The change meant that only subscribers to Twitter Blue, the platform’s subscription service, would have verification badges. Musk had been teasing the change for months, winning the backing of right-wing personalities who saw it as a dig at Hollywood celebrities and liberal media figures. Those public figures, in turn, pushed back on the idea and pledged to not pay.
Well, it all came to a head this week, and so for our weekly newsletter, OptOut spoke with reporter Matt Binder of the podcast DOOMED about the developments.
Binder’s coverage of Twitter has been both thorough and impactful. He has even rankled Musk, catching a temporary suspension for his work. What follows is our conversation, which has been edited for clarity.
What's the latest with Musk and Twitter?
So on Thursday, Elon Musk delivered what he'd been saying he would for many, many months. He got rid of the legacy verified badges on the various different legacy verified accounts–those are the blue checkmarks that were applied to various users before Musk took over under the old Twitter verification system. It was predominantly given out to celebrities, athletes, big musical artists, media figures, journalists, media companies, any sort of public-facing individual or company that primarily would face an issue with impersonations. People don't understand: That was the purpose of Twitter's old verification. It was to simply stop people from [impersonating] these prominent figures on the platform. It's actually why Twitter took off in the early 2010s among celebrities like Justin Bieber, and all those big stars...They used Twitter because of the verification system. No other platform was doing that.
And on Thursday, he took them away. And at that point, the only way to have the blue checkmark on Twitter was to sign up for the $8 per month Twitter Blue plan. The big celebrities—that probably bothered them because the whole reason they use Twitter was because they didn't have to deal with impersonation problems on the platform.
But for most people, I don't think they liked a different aspect of that. And that was anyone who's paying Twitter for that blue checkmark automatically got prioritized in Twitter feeds and in your replies. So, there was a big campaign against it. The subscription plan itself never really took off. After six months, there's only around something like just over 600,000–I think the exact number puts it somewhere in the realm of 630,000–subscribers.

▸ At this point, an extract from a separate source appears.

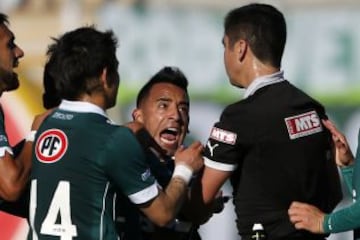 Carlos Ulloa expulsa a Jorge Luna por agredir a Paulo Díaz.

To give you an example of how that compares: Twitter's current user base, according to Musk is around 250 million people. A very tiny portion of that is actually made up of Twitter's power users. 630,000 subscribers is just not a lot for a company with that many users. To give you a better comparison, Snapchat unveiled their own premium features–like a paid-for subscription–just think a few months before Twitter did, and they at this time have 3 million paying subscribers.
What does that mean for Musk and the company? He bought this company for $44 billion. Recently, The New York Times reported that he said that its value is down to $20 billion. What's going on?
I don't have any current like out to this minute numbers, but when Musk took over about half of Twitter's biggest advertisers stopped advertising on the platform. And then last month, it was reported that a lot of them had still not returned. I think it's still around roughly half. And then, in addition, the advertisers that did stick around like Disney, Apple, etc.—they're spending something like 80 percent less now on Twitter than they did before Musk. So even the advertisers that didn't leave decided to pull back their advertising on Twitter big time. So Musk had this idea I think that paid subscriptions would help make up the amount of money they lose from that. It was a bad idea from the beginning.
If you've had experience in both a subscription-based business and an advertiser-based business, you without a doubt know that there are very few cases where the subscription-based business makes more than the advertiser-based business. You might be able to argue that the subscription-based business brings you a more reliable amount in income, but no way does it make you more. I mean, just look at Netflix, probably the most successful average subscriber base income company of all time. They're rolling, they're rolling out advertiser-based subsidized plants, because even this, even their highly successful subscription model isn't enough to get them where they need to go, according to their business plans. So, even if he got like a few million people to subscribe, it would still not be enough to make up for what Twitter was making from its advertisers. In 2021, Twitter said they made something like around $5 billion in revenue. Of that $5 billion in revenue, $4.5 billion of it came from advertisers, which means they only made $500 million from things like API keys and stuff like that.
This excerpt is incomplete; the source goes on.